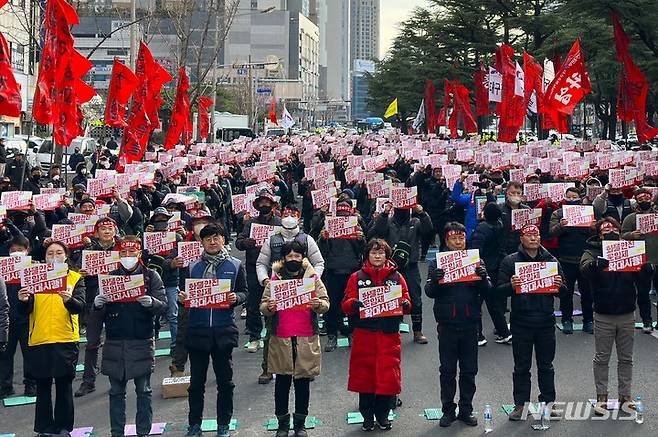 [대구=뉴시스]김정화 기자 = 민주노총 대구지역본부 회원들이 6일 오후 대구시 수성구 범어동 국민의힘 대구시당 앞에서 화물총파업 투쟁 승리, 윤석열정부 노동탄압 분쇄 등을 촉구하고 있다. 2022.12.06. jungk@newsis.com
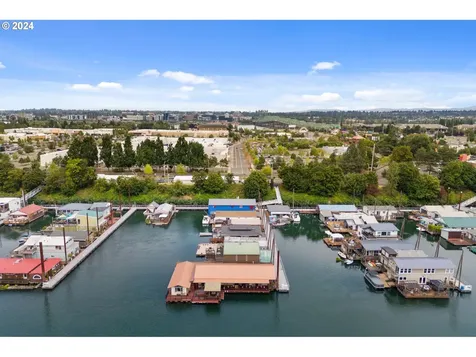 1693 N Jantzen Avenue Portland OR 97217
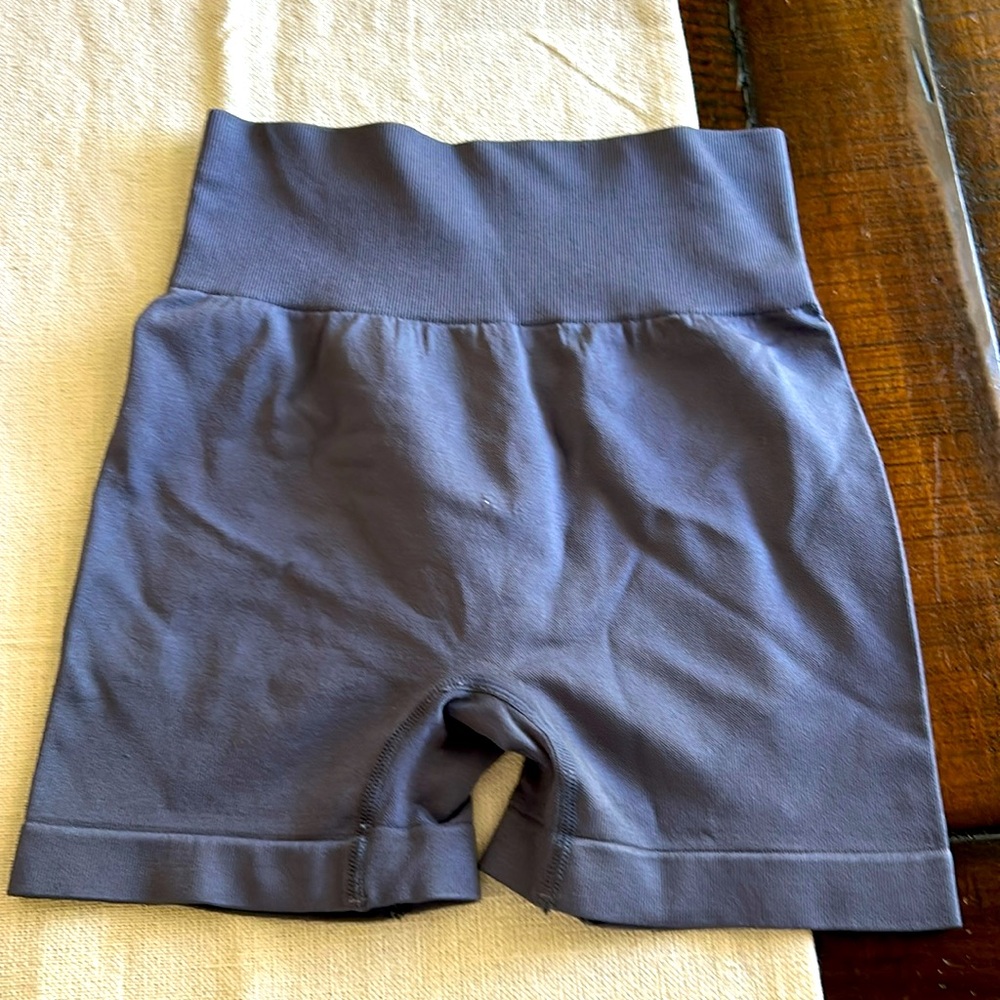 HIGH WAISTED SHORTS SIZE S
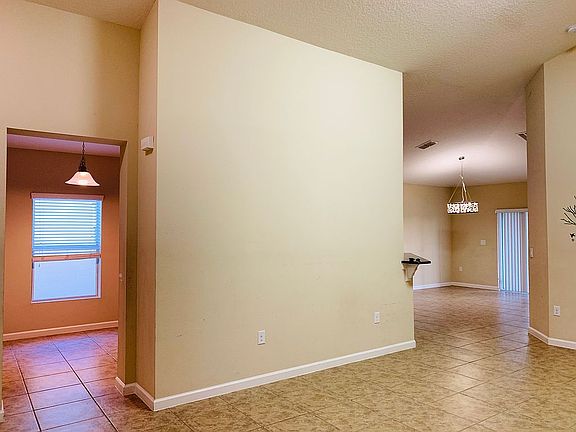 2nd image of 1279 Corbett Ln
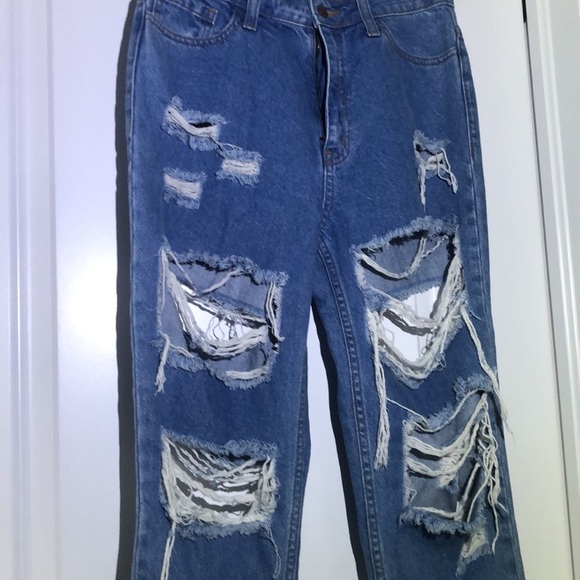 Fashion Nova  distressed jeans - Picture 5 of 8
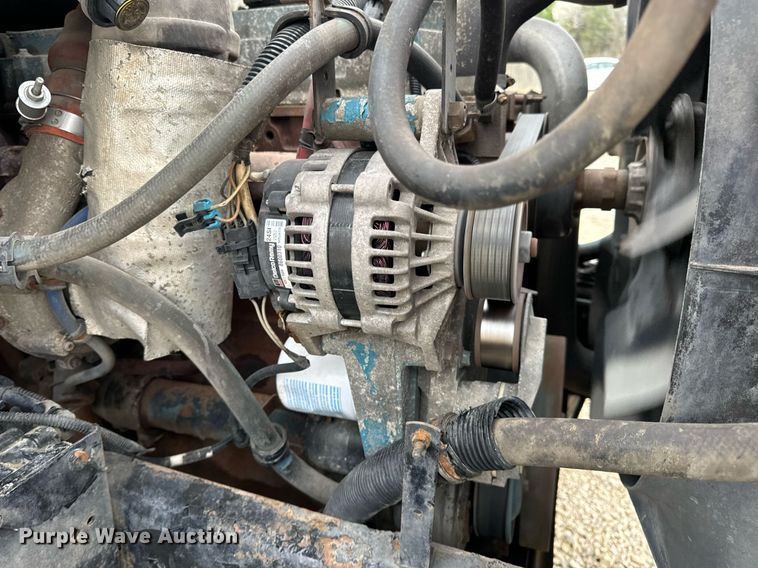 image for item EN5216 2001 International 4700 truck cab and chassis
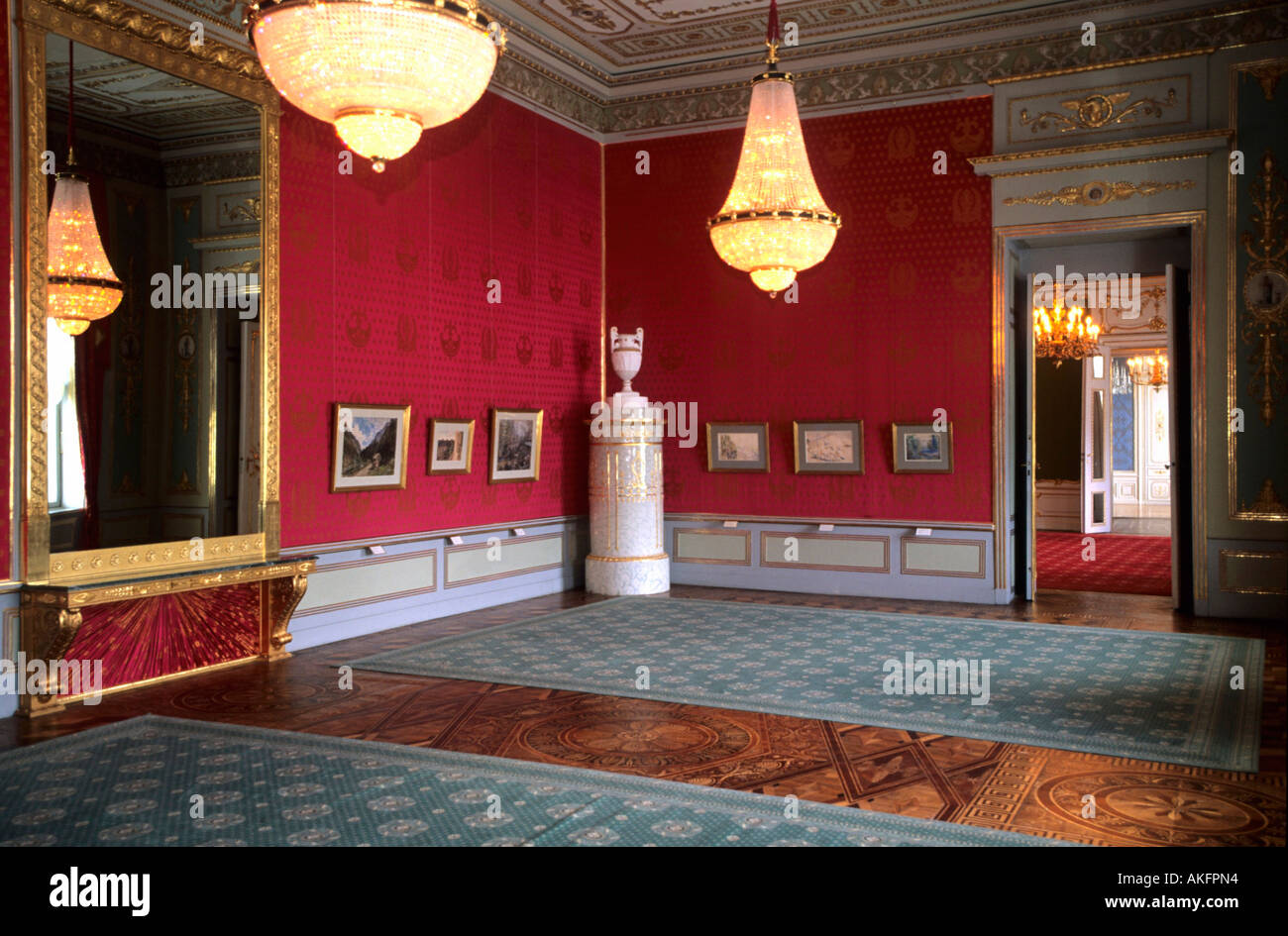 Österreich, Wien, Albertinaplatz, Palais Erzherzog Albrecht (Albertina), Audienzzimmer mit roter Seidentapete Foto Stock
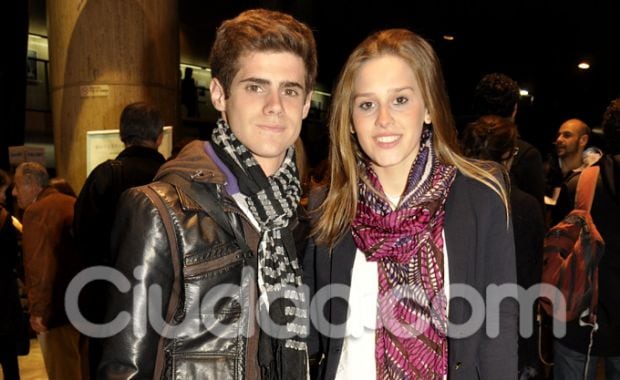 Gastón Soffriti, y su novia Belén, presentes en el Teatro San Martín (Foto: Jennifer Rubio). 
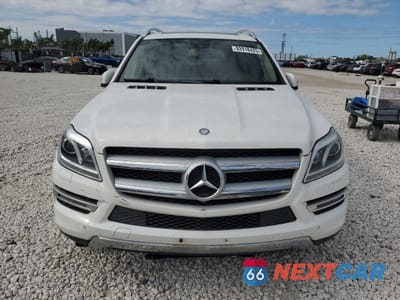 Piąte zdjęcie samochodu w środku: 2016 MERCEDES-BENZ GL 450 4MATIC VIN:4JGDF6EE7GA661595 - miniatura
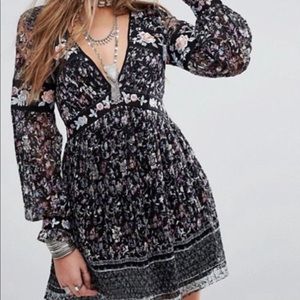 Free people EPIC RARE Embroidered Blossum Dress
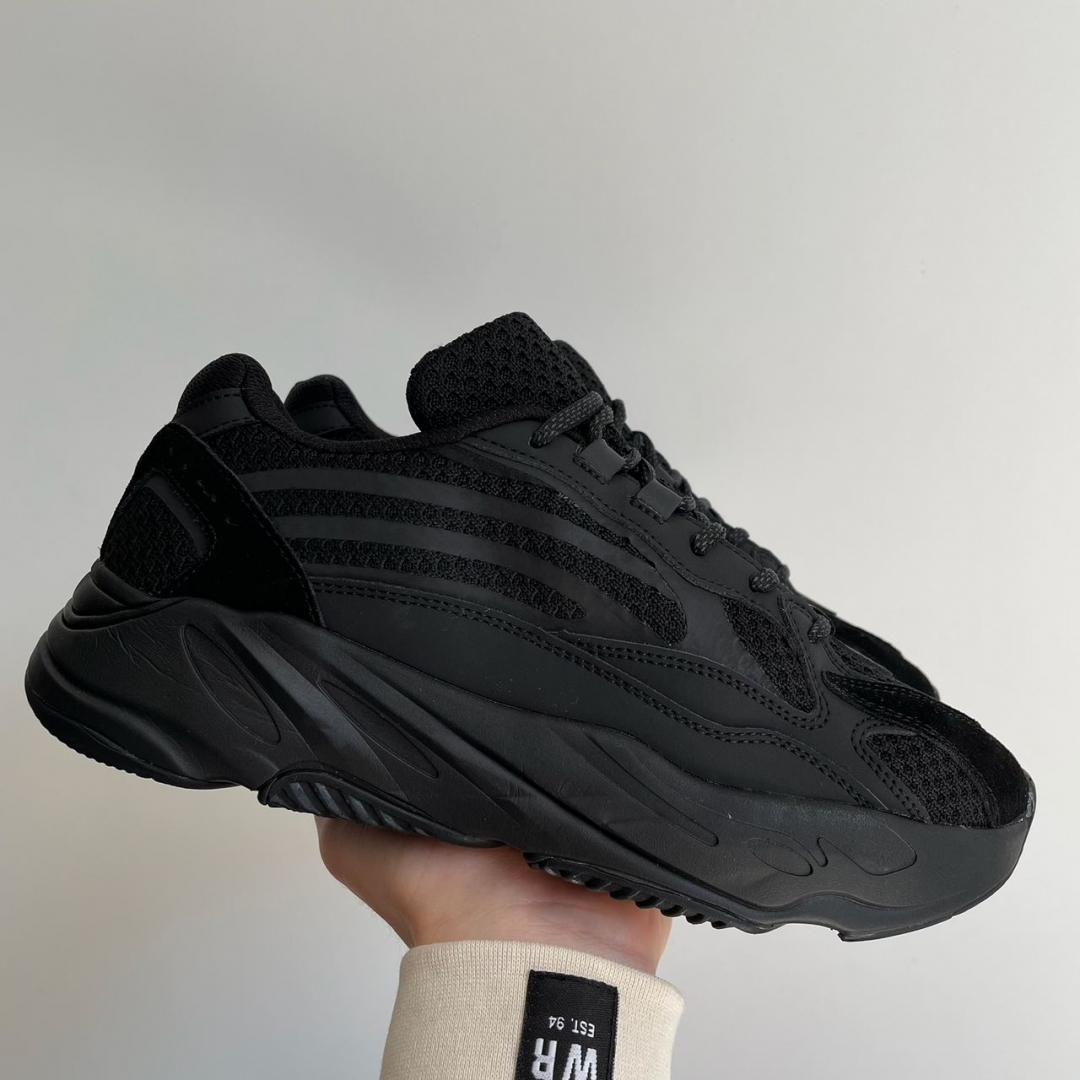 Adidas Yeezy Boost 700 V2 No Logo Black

Work task:
The required output is the line containing "image for item" plus every line after it to the end of the data, copied exactly and with no pictures.

Answer box:
 image for item EN5216 2001 International 4700 truck cab and chassis
 Österreich, Wien, Albertinaplatz, Palais Erzherzog Albrecht (Albertina), Audienzzimmer mit roter Seidentapete Foto Stock
 Gastón Soffriti, y su novia Belén, presentes en el Teatro San Martín (Foto: Jennifer Rubio). 
 Piąte zdjęcie samochodu w środku: 2016 MERCEDES-BENZ GL 450 4MATIC VIN:4JGDF6EE7GA661595 - miniatura
 Free people EPIC RARE Embroidered Blossum Dress
 Adidas Yeezy Boost 700 V2 No Logo Black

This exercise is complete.